__TRY IT__:
The response should repeat word for word every line below from the one with "Vista 3 de Wild" to the one with "Recambio de piloto", inclusive, and nothing else; leave pictures out.

__DATASET CONTENT__:

──────

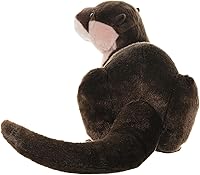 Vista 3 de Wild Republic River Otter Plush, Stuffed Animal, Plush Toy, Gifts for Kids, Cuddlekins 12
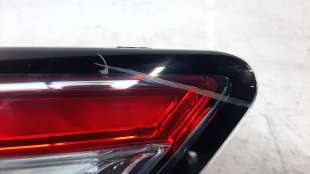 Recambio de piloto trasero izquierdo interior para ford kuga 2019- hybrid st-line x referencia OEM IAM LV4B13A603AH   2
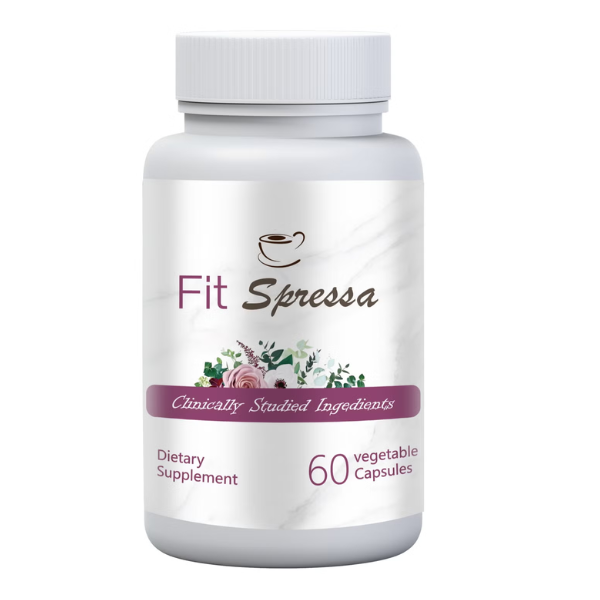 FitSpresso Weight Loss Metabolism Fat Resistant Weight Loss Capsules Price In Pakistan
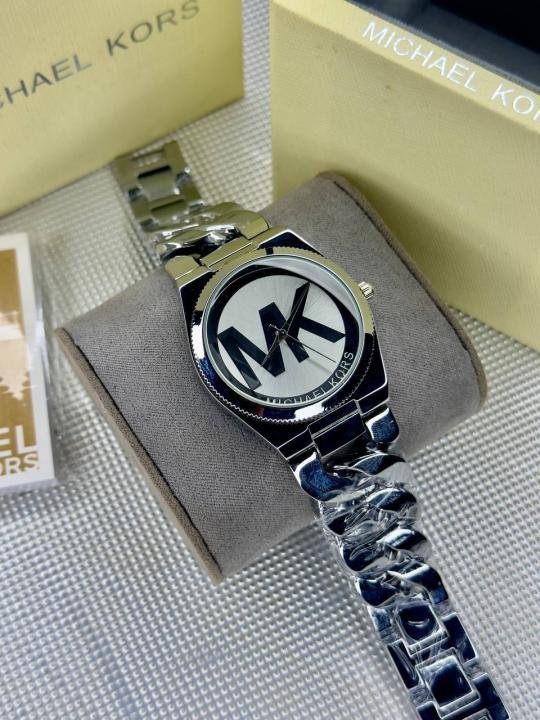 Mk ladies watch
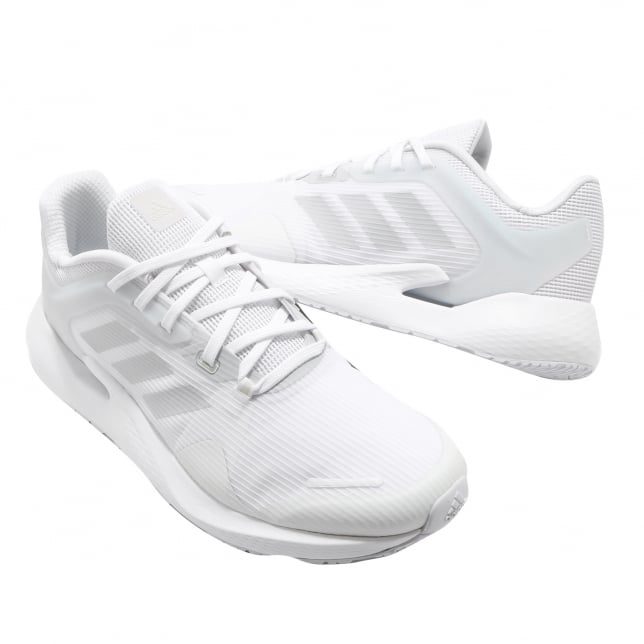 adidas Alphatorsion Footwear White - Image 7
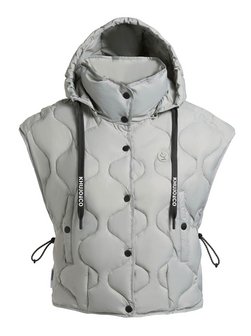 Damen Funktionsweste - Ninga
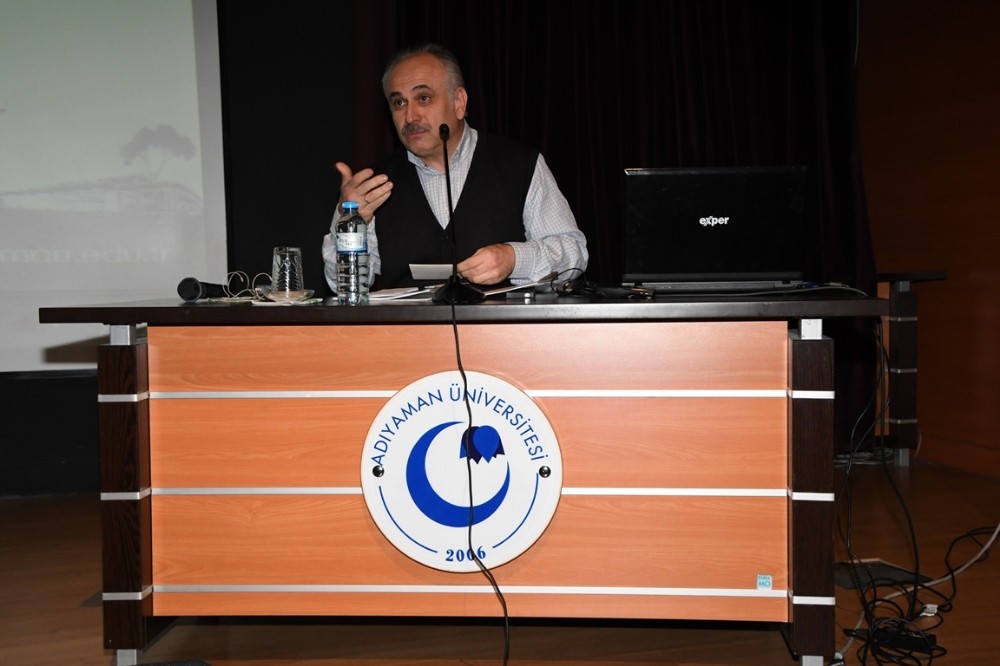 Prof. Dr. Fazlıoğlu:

──────

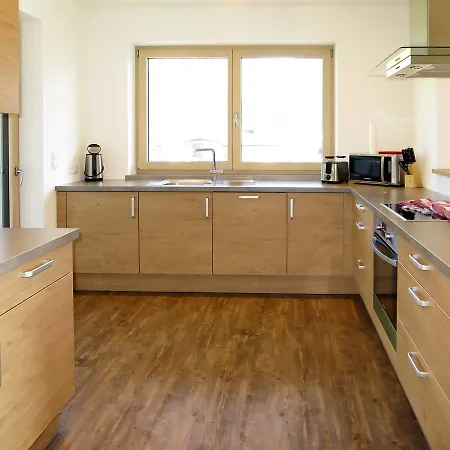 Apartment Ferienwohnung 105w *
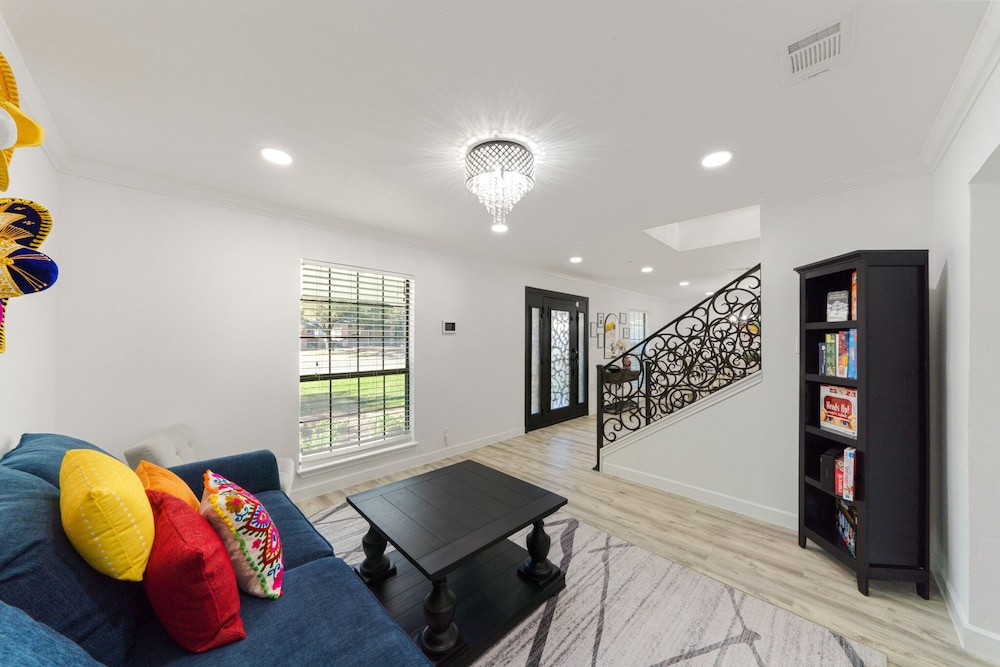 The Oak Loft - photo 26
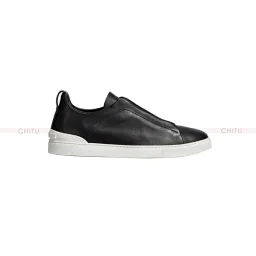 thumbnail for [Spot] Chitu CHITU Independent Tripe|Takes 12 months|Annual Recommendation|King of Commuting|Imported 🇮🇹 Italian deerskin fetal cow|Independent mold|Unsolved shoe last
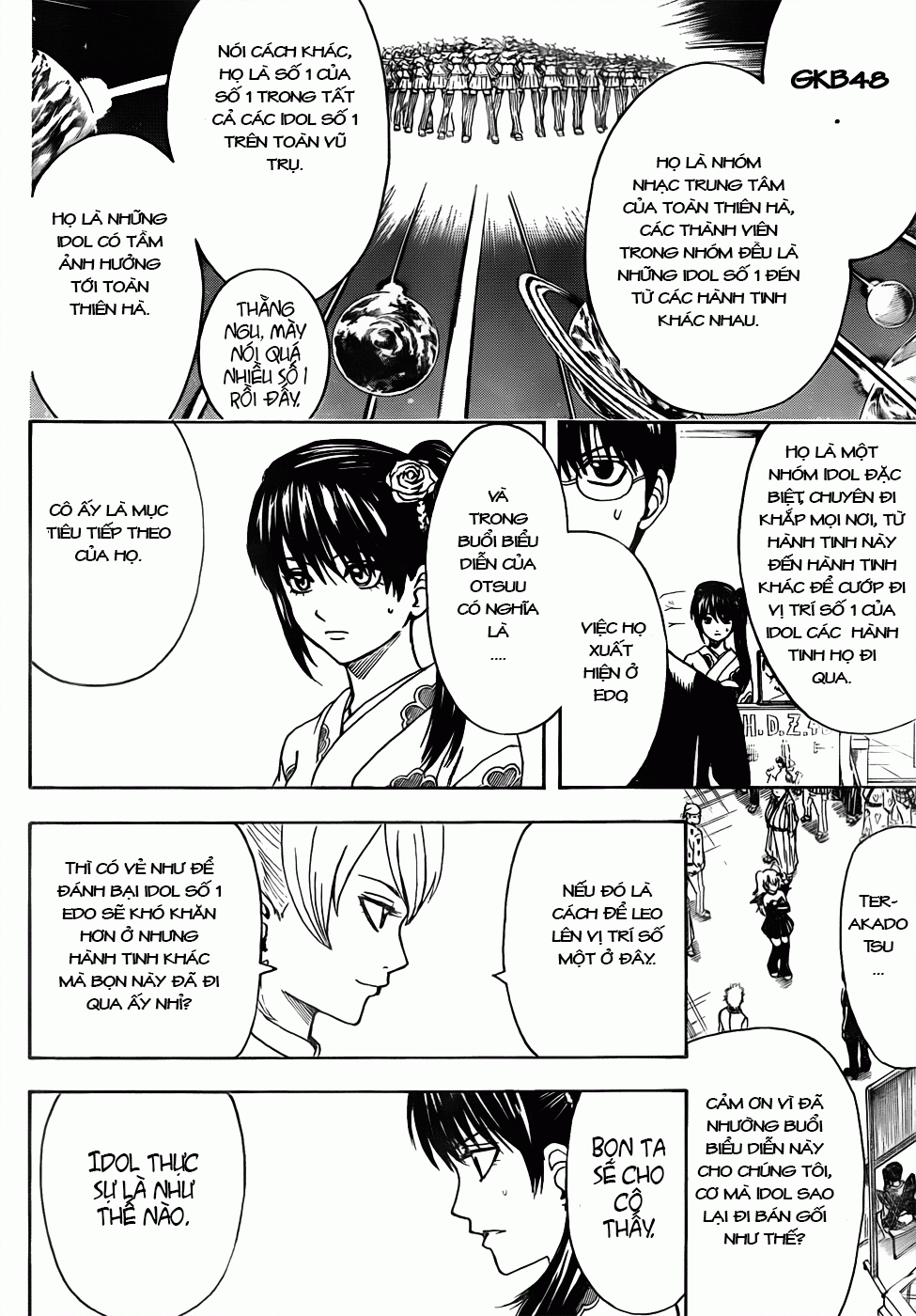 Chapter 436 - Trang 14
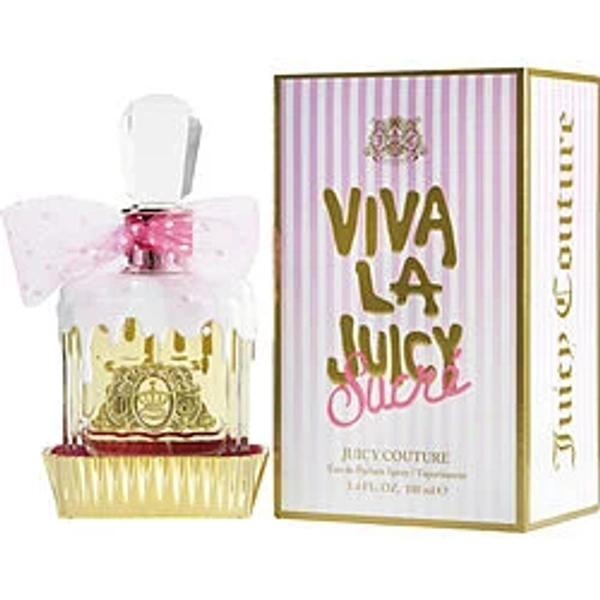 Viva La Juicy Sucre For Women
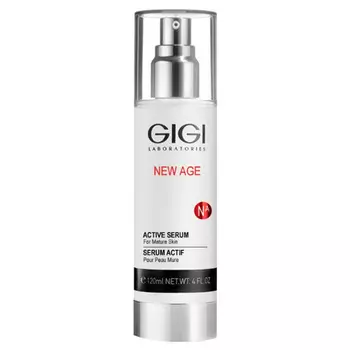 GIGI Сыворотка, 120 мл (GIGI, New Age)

──────

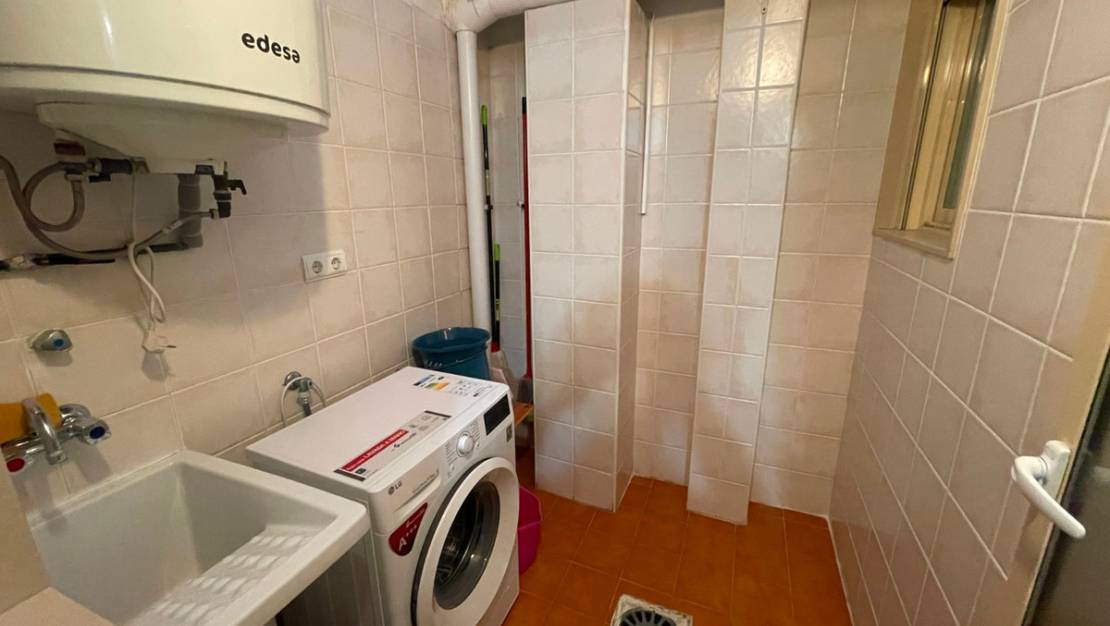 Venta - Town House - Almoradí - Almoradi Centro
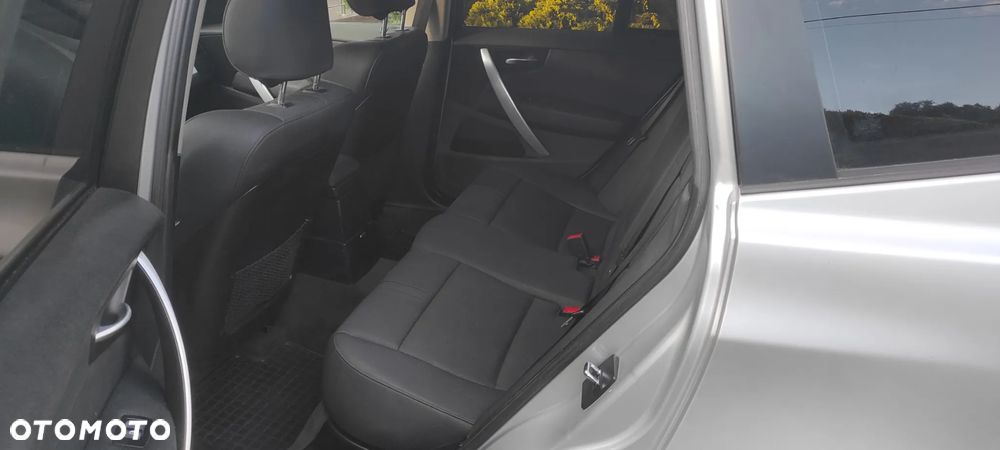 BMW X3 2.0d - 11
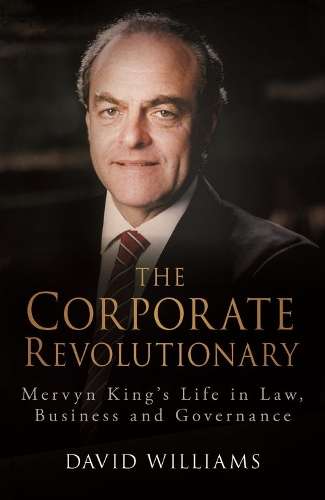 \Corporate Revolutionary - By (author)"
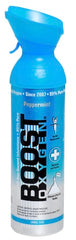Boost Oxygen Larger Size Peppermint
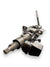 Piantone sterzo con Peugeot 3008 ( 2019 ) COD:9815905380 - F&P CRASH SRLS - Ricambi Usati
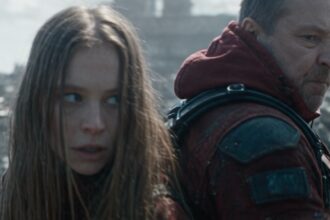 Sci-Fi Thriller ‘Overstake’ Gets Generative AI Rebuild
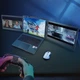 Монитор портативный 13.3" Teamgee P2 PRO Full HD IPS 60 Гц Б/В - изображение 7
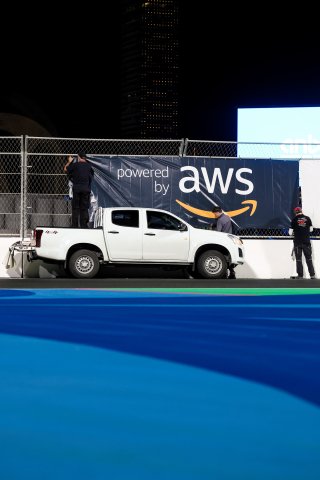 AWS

──────

__EXERCISE SOLUTION__:
 Vista 3 de Wild Republic River Otter Plush, Stuffed Animal, Plush Toy, Gifts for Kids, Cuddlekins 12
 Recambio de piloto trasero izquierdo interior para ford kuga 2019- hybrid st-line x referencia OEM IAM LV4B13A603AH   2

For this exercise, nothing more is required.